No esperó a oír la respuesta de los polis. Cogió su taza de té, frío e imbebible desde hacía rato, y llamó a los perros que, como él, estaban aprovechando el sol. Se pusieron en pie y saltaron desde el techo de la cabina. Sus ansiosas cabezas ladeadas preguntaban: «¿Correr? ¿Pasear? ¿Comer? ¿Qué?», y sus colas frenéticas indicaban su voluntad de colaborar en lo que fuera.

– Abajo -dijo Chris.

Toast cojeó hasta el costado de la barcaza. Beans le siguió, siempre la ovejita obediente.

– No. Ahora no. Ya habéis corrido antes. Id con Livie. Abajo.

Pese a las palabras de Chris, Toast puso una pata sobre el costado de la barcaza, en preparación a saltar a la escalera, de allí al camino, y de allí, sin la menor duda, a Regent's Park.

– Eh -gritó Chris, y señaló la cabina. Toast se lo pensó mejor y decidió obedecer. Beans le siguió. Chris cerró la marcha.

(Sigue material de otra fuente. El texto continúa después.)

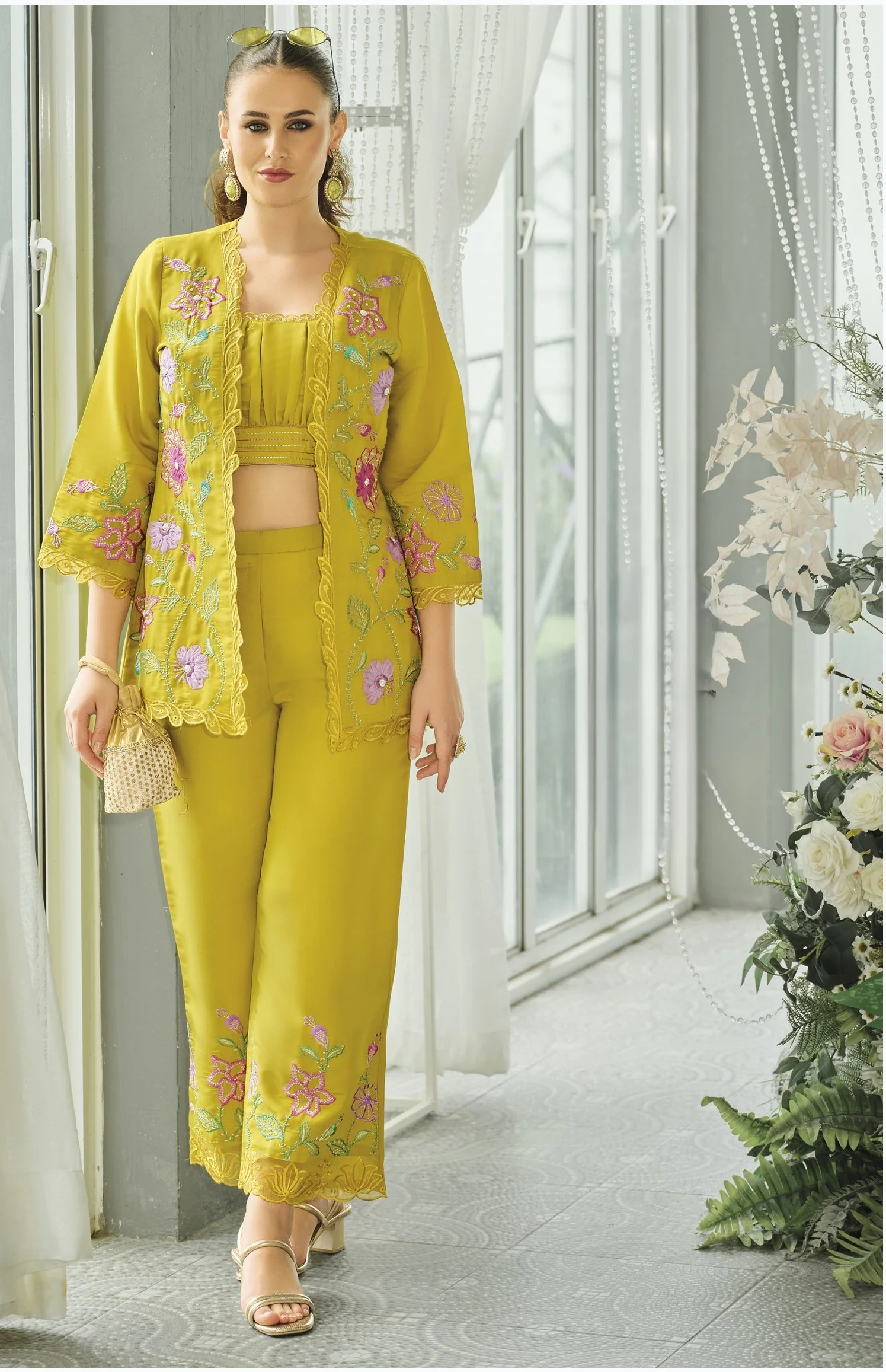 Aditri amber full work fusion wear co-ord set - Image 4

Livie estaba donde la había dejado, sentada a la mesa de la cocina. Su cuenco de cereales estaba rodeado de pieles de plátano, la tetera el azucarero y una jarra de leche. El periódico del domingo seguía desplegado ante ella, abierto por la página que leía una hora antes. Y daba la impresión de que continuaba examinándola, con la cabeza inclinada sobre el papel, la frente apoyada en una mano y los dedos de la otra, con su hilera de anillos de plata, curvados alrededor de la primera página del encabezamiento: CRÍQUET. El único cambio que advirtió Chris fue la presencia de Panda, que había saltado sobre la mesa, terminado la leche y los cereales mojados de un cuenco, y estaba lamiendo los restos del otro. La gata estaba acuclillada con aire de felicidad ante él, los ojos cerrados como en éxtasis, y la lengua trabajaba con furia para terminar antes de que la sorprendieran.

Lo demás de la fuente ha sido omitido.